The hypotheses are generally derived from earlier research findings existing theories, and personal observations and experiences. From a careful examination of relevant theory and previous findings, the psychologist would be able to state one or more prepositions whose validity could be tested. Ideally these hypotheses would be based on a deductive theory but they may simply be new hypotheses or hypothesis based on previous research findings. Hypothesis may be defined as a tentative statement showing a relationship between variables under study. It is stated in the form of a declarative sentence.

Step-III: Identifying, Manipulating and Controlling Variables
While talking about the hypothesis you will encounter this word i.e. variable in the scientific literature in the psychology. Variables are defined as those characteristics which are manipulated, controlled and observed by the experimenter. At least three types of variables must be recognised at the outset – the dependent variable, the independent variable and the extraneous variable. The dependent variable is one about which the prediction is made on the basis of the experiment. In the other words the dependent variable is the characteristics or condition that changes as the experimenter changes the independent variables. The independent variable is that condition or characteristics which is manipulated or selected by the experimenter is order to find out its relationship to some observed phenomena. A extraneous variable is the uncontrolled variable that may affect the dependent variable. The experimenter is not interested in the changes, produced due to the extraneous variable and hence, he tries to control it as far as practicable. The extraneous variable is known as the relevant variable.

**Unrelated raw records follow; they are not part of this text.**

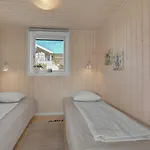3 Bedroom Amazing Home In Haarby Nyaraló *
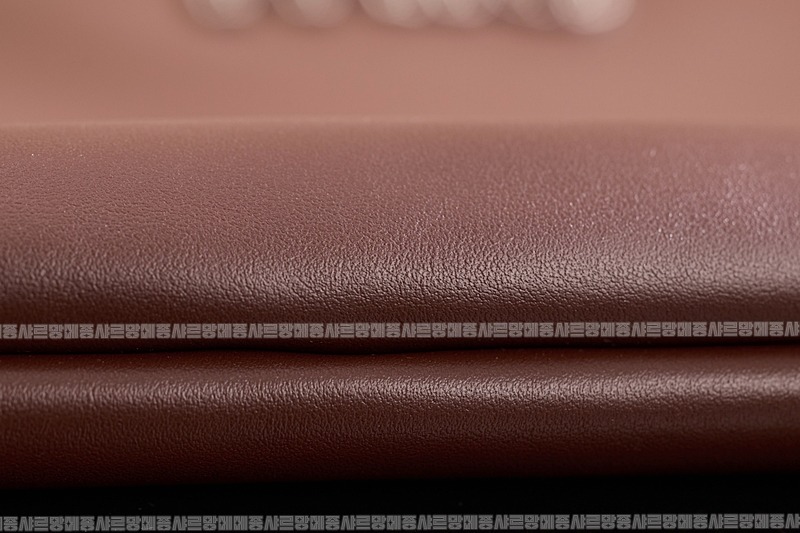 미우미우아이비캔버스토트백 20260315-113310-010루.jpg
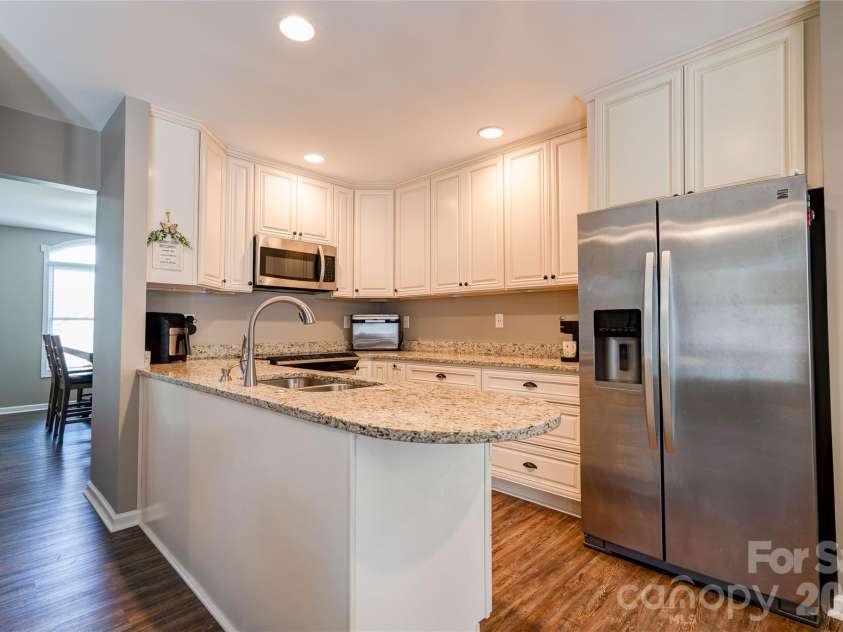 123 Creekside Drive, Shelby, NC 28152.  MLS# CAR4364851, YatesRealty ID 12826.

Step-IV: Formulating a Research Design
A research design may be regarded as the blueprint of those procedures which are adapted by the researcher for testing the relationship between the dependent variable and the independent variable. There are several kinds of experimental designs and the selection of any one is based upon the purpose of the research, types of variables to be controlled and manipulated as well as upon the conditions under which the experiment is to be conducted. The main purpose of experimental design is to help the researcher in manipulating the independent variables freely and to provide maximum control of the extraneous variables so that it may be said with all certainty that the experimental change is due to only the manipulation of the experimental variable. The main function of a research design is to explain how you will find answers to your research questions. The research design sets out the logic of your inquiry.

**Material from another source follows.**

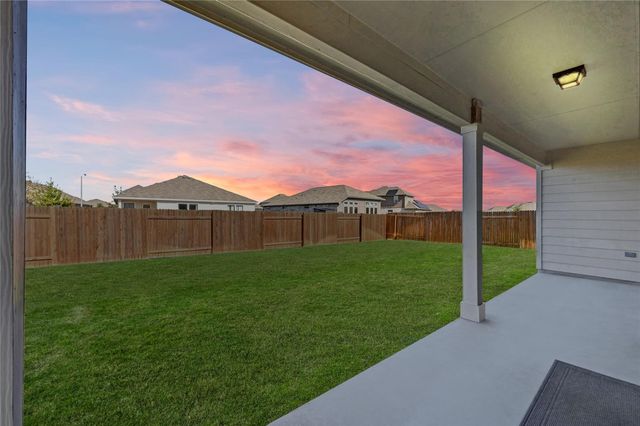 111 Pearland ST, Hutto, TX 78634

Step-V: Data Analysis and their Interpretation
After making observation the data collected are analysed with the help of various quantitative / statistical and qualitative techniques .Careful scrutiny of the data is a critical aspect of scientific method. The purpose of the analysis is to make sense of the data and see what light they throw on the problem and the hypotheses of the study and draws conclusion accordingly. Data analysis can be done by using univariate analysis in which research deals with a single characteristics of interest, bivariate analysis in which researcher deals with two characteristics of interest and by using multivariate analysis in which more then two characteristics are involves.

Step-VI: Drawing Conclusions
The investigator, after analysing the results, draws some conclusions. In fact the investigator wants to make some statement about the research about the research problem which he could not make without conducting his research. Whatever conclusion drawn, researcher generalises it to the whole population. During this phase, hypotheses are accepted or rejected. At the same time the conclusions of the study are related to the theory or research findings from which the hypotheses originally came. Depending on the new findings the original theory may have to be modified.

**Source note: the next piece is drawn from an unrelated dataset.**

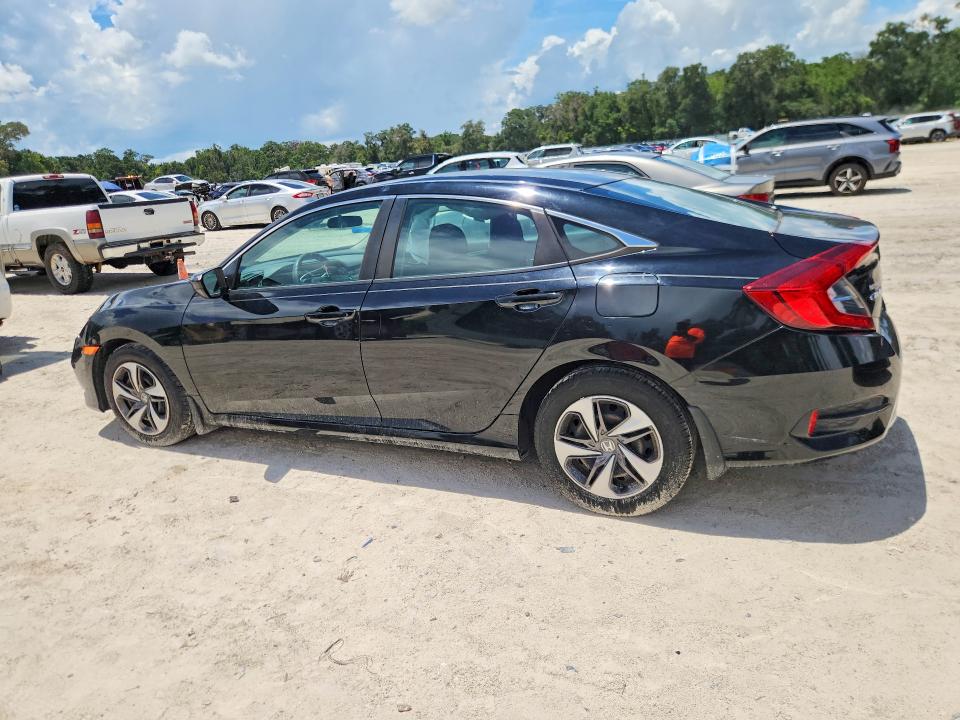 Photo 2 from auction – 2019 HONDA CIVIC with VIN 19XFC2F69KE026535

Step-VII: Preparation of Report and Publication
This is the last step in most of the research studies. The researcher documents all the steps of his or her research in clear terms this report inform that what you have done, what you have discovered and what conclusion you have drawn from findings. If you are clear about the whole process you will also be clear about the way you want to write in your report. This helps the reader to understand the study and use it for various purposes. It allows one to replicate the study. The publication of study in scientific journals or books and in public domain makes the work available for wider dissemination.